Dimension reduction in vertex-weighted exponential random graphs

TL;DR

This paper analyzes vertex-weighted exponential random graphs, revealing their approximation as mixtures of graphs near fixed points, and explores how solutions relate to community structure and weight regimes.

Contribution

It introduces a novel analysis of vertex-weighted exponential random graphs, including fixed point approximations and behavior under different weight conditions.

Findings

Graphs approximate mixtures near fixed points.

Solutions close to block vectors indicate community structure.

Behavior varies with positive, small, and negative weights.

Abstract

We investigate the behavior of vertex-weighted exponential random graphs.

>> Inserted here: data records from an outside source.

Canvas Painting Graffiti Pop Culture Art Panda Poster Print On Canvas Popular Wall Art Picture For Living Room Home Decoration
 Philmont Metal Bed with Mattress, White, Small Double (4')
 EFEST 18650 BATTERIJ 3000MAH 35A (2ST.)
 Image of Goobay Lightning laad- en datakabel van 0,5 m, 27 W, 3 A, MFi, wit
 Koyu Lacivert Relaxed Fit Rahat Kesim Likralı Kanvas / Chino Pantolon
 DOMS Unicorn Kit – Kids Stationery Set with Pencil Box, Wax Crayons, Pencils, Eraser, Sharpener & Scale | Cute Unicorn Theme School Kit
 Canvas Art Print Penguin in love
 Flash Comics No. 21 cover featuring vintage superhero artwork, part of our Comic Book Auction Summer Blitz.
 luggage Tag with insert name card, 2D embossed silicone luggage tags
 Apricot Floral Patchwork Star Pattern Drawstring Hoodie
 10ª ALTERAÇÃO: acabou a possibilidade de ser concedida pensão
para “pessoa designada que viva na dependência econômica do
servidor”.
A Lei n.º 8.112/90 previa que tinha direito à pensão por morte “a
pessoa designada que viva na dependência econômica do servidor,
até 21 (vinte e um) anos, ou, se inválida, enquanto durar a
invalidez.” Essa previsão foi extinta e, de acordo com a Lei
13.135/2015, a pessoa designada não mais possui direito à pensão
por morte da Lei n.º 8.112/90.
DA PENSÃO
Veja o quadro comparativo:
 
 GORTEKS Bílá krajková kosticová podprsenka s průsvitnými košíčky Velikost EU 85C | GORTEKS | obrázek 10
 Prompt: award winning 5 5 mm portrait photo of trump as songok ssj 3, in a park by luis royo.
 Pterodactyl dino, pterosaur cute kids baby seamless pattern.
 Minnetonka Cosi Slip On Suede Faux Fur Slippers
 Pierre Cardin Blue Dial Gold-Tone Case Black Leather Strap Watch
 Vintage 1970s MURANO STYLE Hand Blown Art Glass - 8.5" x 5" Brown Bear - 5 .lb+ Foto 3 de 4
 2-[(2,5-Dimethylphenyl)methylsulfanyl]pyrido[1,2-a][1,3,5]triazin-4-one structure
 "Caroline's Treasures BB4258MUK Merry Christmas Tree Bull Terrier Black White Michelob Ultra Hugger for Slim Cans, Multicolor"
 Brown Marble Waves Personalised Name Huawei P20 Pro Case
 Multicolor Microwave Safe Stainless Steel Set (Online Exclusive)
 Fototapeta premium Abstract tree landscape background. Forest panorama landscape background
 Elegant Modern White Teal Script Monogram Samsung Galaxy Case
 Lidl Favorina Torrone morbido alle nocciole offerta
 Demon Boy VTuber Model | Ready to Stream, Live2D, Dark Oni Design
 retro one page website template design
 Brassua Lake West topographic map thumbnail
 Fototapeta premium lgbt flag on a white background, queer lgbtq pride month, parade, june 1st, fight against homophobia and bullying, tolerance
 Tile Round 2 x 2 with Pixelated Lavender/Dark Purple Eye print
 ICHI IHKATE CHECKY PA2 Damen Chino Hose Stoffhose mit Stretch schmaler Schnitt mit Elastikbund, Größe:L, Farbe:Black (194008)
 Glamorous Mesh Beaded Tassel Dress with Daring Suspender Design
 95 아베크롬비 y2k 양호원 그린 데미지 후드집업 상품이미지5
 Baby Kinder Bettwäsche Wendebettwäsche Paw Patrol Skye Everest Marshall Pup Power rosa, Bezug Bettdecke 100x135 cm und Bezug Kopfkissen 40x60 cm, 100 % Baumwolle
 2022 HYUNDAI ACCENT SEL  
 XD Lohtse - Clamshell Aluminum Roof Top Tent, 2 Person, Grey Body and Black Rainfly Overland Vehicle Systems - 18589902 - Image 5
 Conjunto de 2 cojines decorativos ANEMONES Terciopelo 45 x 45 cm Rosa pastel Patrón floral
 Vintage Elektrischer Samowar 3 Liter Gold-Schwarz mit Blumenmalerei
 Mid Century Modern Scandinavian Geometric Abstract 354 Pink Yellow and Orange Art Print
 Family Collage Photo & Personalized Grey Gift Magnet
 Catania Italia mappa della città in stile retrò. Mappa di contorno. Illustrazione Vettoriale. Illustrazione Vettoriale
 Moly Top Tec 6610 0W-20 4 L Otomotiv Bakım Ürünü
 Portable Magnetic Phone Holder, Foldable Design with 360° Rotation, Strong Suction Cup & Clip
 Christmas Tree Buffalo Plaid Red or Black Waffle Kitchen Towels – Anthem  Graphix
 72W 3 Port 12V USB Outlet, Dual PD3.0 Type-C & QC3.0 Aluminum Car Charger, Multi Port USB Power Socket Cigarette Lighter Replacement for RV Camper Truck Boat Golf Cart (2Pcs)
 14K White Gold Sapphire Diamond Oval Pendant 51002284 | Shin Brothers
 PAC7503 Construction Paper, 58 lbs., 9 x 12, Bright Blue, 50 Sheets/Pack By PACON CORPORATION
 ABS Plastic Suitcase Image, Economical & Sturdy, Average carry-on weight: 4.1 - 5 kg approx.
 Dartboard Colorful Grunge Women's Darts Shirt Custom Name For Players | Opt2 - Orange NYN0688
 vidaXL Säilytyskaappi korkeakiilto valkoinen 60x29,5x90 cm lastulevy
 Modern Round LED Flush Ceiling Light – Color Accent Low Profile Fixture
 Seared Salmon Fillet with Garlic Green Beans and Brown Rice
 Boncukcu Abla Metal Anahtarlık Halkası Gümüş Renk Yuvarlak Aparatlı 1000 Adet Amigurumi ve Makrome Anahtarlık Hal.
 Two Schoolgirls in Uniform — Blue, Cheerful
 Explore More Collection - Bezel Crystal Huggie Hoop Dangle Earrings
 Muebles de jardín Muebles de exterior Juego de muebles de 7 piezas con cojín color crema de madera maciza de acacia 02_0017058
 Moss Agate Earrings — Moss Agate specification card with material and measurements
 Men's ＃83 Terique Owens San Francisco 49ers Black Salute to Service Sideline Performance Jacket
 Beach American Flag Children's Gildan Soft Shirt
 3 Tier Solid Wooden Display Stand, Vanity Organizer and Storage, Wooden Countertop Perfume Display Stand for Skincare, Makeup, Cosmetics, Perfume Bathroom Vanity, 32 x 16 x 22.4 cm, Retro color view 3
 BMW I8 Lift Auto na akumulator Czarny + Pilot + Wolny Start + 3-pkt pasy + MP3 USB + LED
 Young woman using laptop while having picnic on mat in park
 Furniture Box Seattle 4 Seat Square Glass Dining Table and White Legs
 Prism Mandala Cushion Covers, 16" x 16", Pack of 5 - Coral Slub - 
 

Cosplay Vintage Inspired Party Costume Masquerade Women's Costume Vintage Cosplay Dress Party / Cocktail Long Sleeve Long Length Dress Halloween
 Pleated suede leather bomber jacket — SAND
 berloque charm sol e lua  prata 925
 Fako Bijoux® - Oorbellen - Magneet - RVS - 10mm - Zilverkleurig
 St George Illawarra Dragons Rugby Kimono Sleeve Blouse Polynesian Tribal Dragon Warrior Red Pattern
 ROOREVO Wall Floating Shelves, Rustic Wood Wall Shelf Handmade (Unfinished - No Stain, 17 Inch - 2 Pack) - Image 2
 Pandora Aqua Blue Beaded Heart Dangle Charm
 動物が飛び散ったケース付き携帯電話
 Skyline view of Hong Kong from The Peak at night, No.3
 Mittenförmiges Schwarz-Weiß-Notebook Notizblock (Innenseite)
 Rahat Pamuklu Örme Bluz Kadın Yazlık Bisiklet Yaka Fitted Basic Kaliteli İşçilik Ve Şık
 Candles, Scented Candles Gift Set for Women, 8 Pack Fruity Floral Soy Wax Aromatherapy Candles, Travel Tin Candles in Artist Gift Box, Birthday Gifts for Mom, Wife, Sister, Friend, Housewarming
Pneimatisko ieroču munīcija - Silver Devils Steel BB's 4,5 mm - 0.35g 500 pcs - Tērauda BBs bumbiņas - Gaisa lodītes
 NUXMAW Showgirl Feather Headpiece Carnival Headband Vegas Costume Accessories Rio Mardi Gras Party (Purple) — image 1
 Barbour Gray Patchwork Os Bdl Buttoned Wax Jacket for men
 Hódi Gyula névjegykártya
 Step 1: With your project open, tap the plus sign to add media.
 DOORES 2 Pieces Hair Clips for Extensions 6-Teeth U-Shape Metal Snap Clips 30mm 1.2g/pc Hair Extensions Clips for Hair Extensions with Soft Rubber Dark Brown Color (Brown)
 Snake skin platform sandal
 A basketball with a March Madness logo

We show that vertex-weighted exponential random graphs with edge weights induced by products of independent vertex weights are approximate mixtures of graphs whose vertex weight vector is a near fixed point of a certain vector equation. For graphs with Hamiltonians counting cliques, it is demonstrated that, under appropriate conditions, every solution to this equation is close to a block vector with a small number of communities. We prove that for the cases of positive weights and small weights in the Hamiltonian in particular, the vector equation has a unique solution. Lastly, the behavior of vertex-weighted exponential random graphs counting triangles is studied in detail and the solution to the vector equation is shown to approach the zero vector as the weight diverges to negative infinity for sufficiently large networks.